La reciprocità tra sposi e presbiteri.

Chiamati insieme all’amore. (Lettera alle famiglie. Pasqua 2015.Vescovo Armando).

“Prete e famiglia sono fatti l’uno per l’altro: portano infatti la stessa responsabilità, hanno la medesima paternità e la medesima maternità, hanno gli stessi impegni di fedeltà, fecondità, unità. Dall’unico mistero nuziale scaturiscono diversi stati di vita che, nella reciprocità, cantano l’unica sinfonia dell’Amore” (Lettera alle famiglie 2015. Pag. 22).

C’è una solitudine condivisa con tutti gli esseri umani, l’impegno a essere se stessi, ma anche una solitudine insita nel nostro ministero, legata alla scelta celibataria e anche al servizio della presidenza. Chi presiede spesso attraversa momenti in cui non si sente compreso in quanto la prospettiva che egli ha sulla vita della comunità è unica. Bisogna avere il coraggio di abitare questa solitudine perché, analogamente al mistero degli sposi cristiani, ci accorgiamo che non si tratta di una solitudine in cui siamo dimenticati e abbandonati, ma in cui siamo consegnati e affidati a Qualcuno.

Come uno sposo è affidato alla sposa e viceversa, anche un presbitero, solo insieme agli altri, è affidato dal Signore prima di tutto alla famiglia dei propri fratelli che è il presbiterio con il suo vescovo e  poi ad una famiglia concreta che è una porzione del popolo di Dio che vive nel territorio di una diocesi, ed è la comunità parrocchiale.

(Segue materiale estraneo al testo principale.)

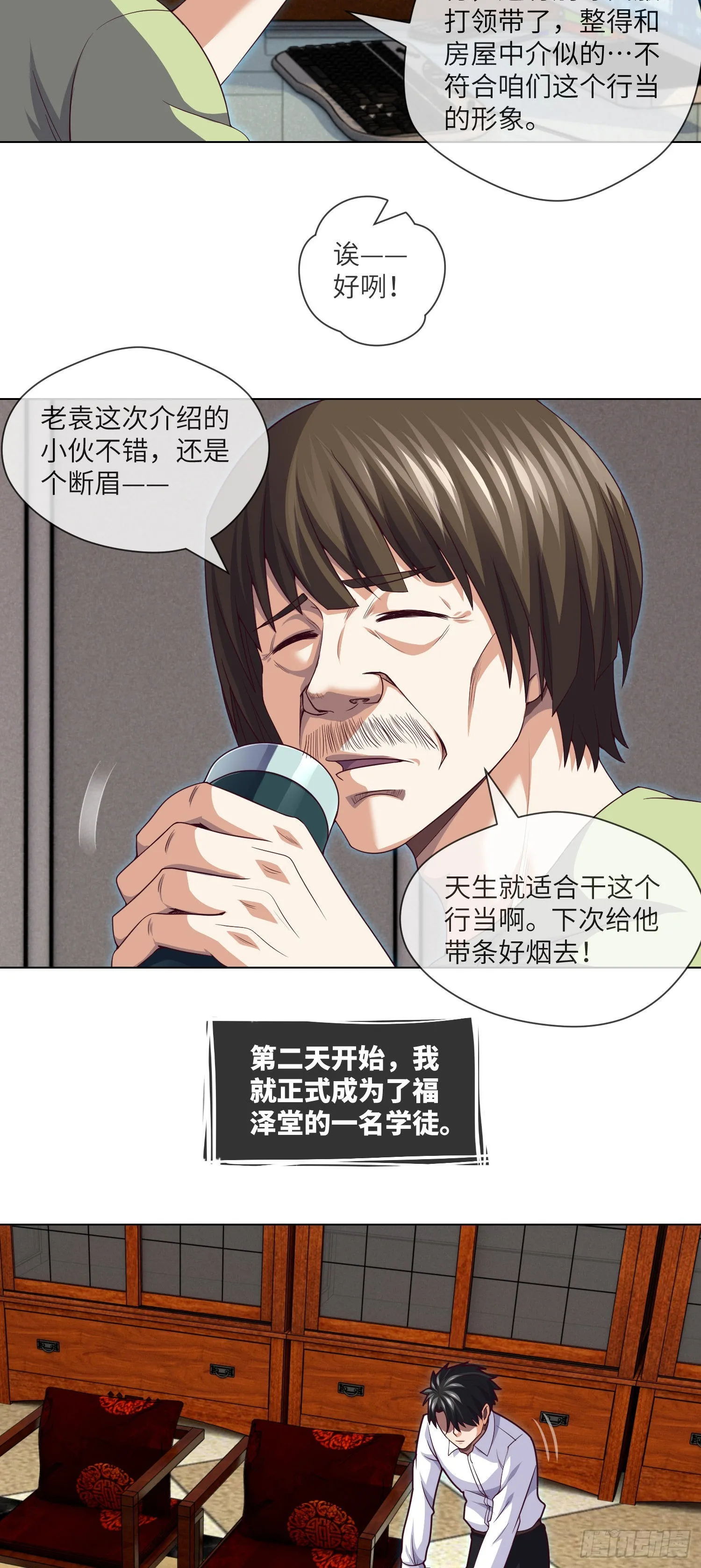 第43话 蓝道骗子·文叔 第20页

Una dimensione di famiglia non può mancare nella vita presbiterale. “Per farsi padri e maestri in virtù del sacramento dell’ordine bisogna farsi fratelli degli uomini”(Paolo VI. Ecclesiam Suam).

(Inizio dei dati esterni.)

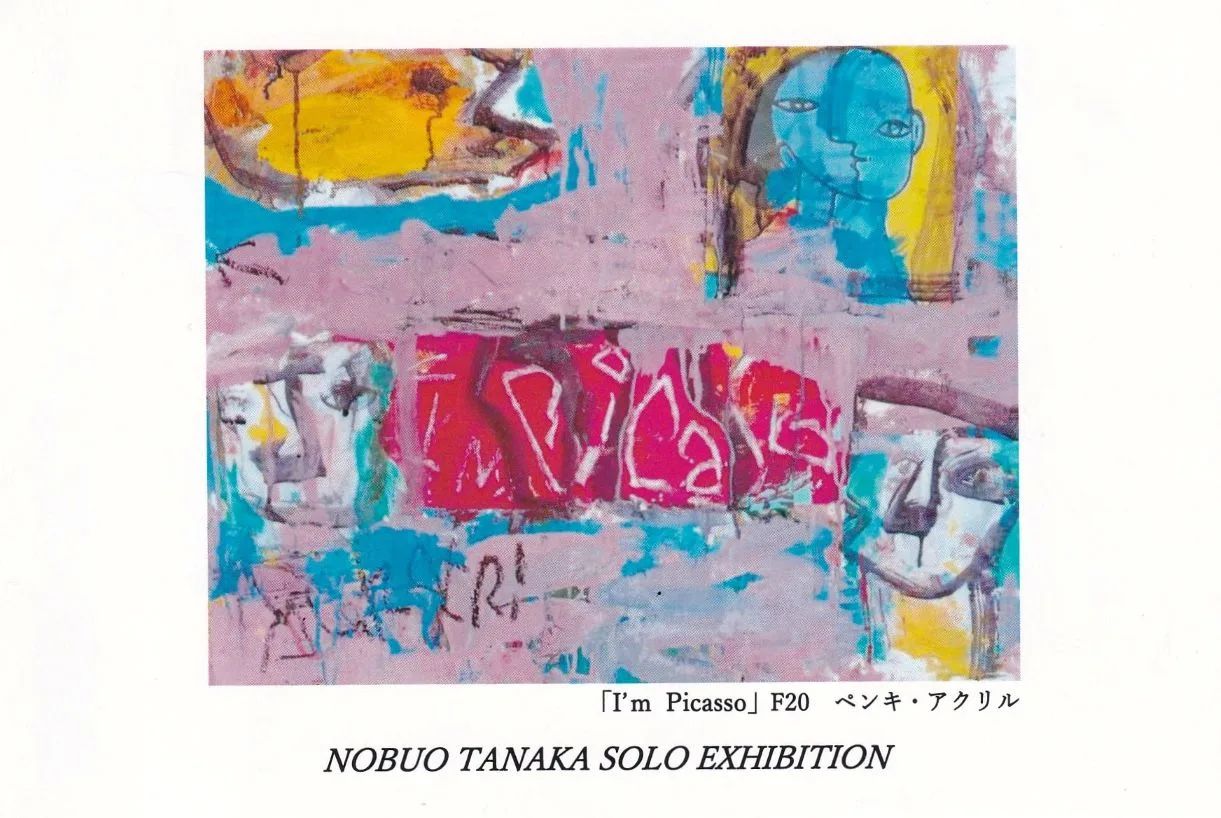 10/3より、「田中 信男 展」を開催。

Anche il presbitero, nella scelta celibataria, è chiamato ad essere persona capace di intimità. L’intimità data dal vincolo di amore, anche se assume due modalità diverse nei due rispettivi stati di vita, è la capacità di sostenere e ridonare a nostra volta uno sguardo che coglie la nostra nudità, va in profondità e ci salva. Tale sguardo pone nella verità di noi stessi, della nostra fragilità e aiuta a costruire su di essa, e non senza tener conto di essa, le nostre esistenze celibatarie o matrimoniali (cfr Nouwen Henri. Il guaritore ferito. Il ministero nella società contemporanea)

Presbiteri o presbiterio?

Tante derive umane in cui cadono diversi presbiteri iniziano nel momento in cui questi cominciano a isolarsi dal vescovo e dal presbiterio, oppure si limitano a intrattenere un minimo di relazione formale senza sentire l’afflato di una famiglia. Quest’afflato dinamico prende forma dall’evento eucaristico e si alimenta e ricostituisce continuamente a  partire dall’Eucaristia del vescovo.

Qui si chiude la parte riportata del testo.